Claudia Goldin Wins Nobel in Economics for Studying Women in the Work Force

The Nobel Memorial Prize in Economic Sciences was awarded on Monday to Claudia Goldin, a Harvard professor, for advancing the world’s understanding of women’s progress in the work force.

She is the third woman to have won the economics Nobel, which was first awarded in 1969, and the first one to be honored with it solo rather than sharing in the prize.

Dr. Goldin, 77, has long been a trailblazer in the field — she was the first woman to be offered tenure in Harvard’s economics department, in 1989. Her wide-ranging work has delved into the causes of the gender wage gap, the evolution of women’s participation in the job market over the past 200 years, and the implications for the future of the labor force.

The Nobel committee announced the award in Stockholm, praising Dr. Goldin for her research on female employment, which showed that employment among married women decreased in the 1800s, as the economy moved away from agriculture and toward industry. Women’s participation then increased in the 1900s, as the service sector began to expand as a part of the economy.

Dr. Goldin has described the 1970s in particular as a “revolutionary” period in which women in the United States began to marry later, take strides in higher education, and make major progress in the labor market. Birth control pills became more easily available in those years, taking away what Dr. Goldin has called a “potent” reason for early marriage — and giving women more time to form identities outside of the home.

Dr. Goldin has also illustrated how the process of closing the gender wage gap has been uneven over the course of history. Recently, progress in closing it has been halting: Today, women in the United States make a little over 80 cents for every dollar a man makes.

In the past, gender wage gaps could be explained by education and occupation. But Dr. Goldin has shown that most of the earnings difference is now between men and women in the same jobs, the Nobel committee said. Notably, it kicks in after the birth of a woman’s first child.

In a 15-year study of business school students at the University of Chicago, for instance, Goldin and her colleagues found in one paper that the gap in pay started to widen a year or two after a woman had her first baby.

“Claudia Goldin’s discoveries have vast societal implications,” said Randi Hjalmarsson, a member of the committee and professor of economics at the University of Gothenburg.

Dr. Goldin said in an interview that she hoped people would take away from her work how important long-term changes are to understanding the labor market.

“We see a residue of history around us,” she said, explaining that societal and family structures that women and men grow up in shape their behavior and economic outcomes.

“We’re never going to have gender equality until we also have couple equity,” she said. While there has been “monumental progressive change, at the same time there are important differences” which often tie back to women doing more work in the home.

Dr. Goldin has a doctorate in economics from the University of Chicago. She often co-authors papers with her husband, Lawrence Katz, a fellow Harvard University economist.

She was asleep when the call informing her of the prize came in — she had gotten up earlier to let the dog out but had gone back to bed. She said that she was “delighted.”
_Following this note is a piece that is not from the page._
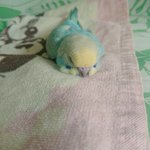 犬みたいな寝方のインコちゃんw飼い主「私の知ってるセキセイインコじゃない」w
Asked about what it meant for a woman to win the economics award on her own, Dr. Goldin said it marked a sort of “culmination” after years of “important changes” toward more gender diversity in the field.

Claudia Olivetti of Dartmouth, a co-author of Dr. Goldin’s, said that Dr. Goldin’s work has “shaped much of the current research on women and labor markets.” She pointed out that it continues to today: Dr. Goldin has just released a new working paper on why women made such great advances in the 1970s, and why that progress has hit roadblocks in the years since.

Dr. Goldin has also been an important mentor to many women entering the field of economics, she said.

“Claudia has been a source of inspiration to many women in economics, generously sharing her experiences and demonstrating the possibilities of success in a mostly male-dominated world,” Dr. Olivetti wrote in an email.

Leah Boustan, a professor at Princeton and once a student of Dr. Goldin’s, said that her work has had a “profound” influence on labor economics.

“The first thing I thought about when Claudia won is how much her research is still inspiring current work,” she said, explaining that her students today are still digging into how marriage, contraception and labor market decisions have interacted over time.

“There are so many threads that we as labor economists and economic historians can follow from Claudia’s work,” she said.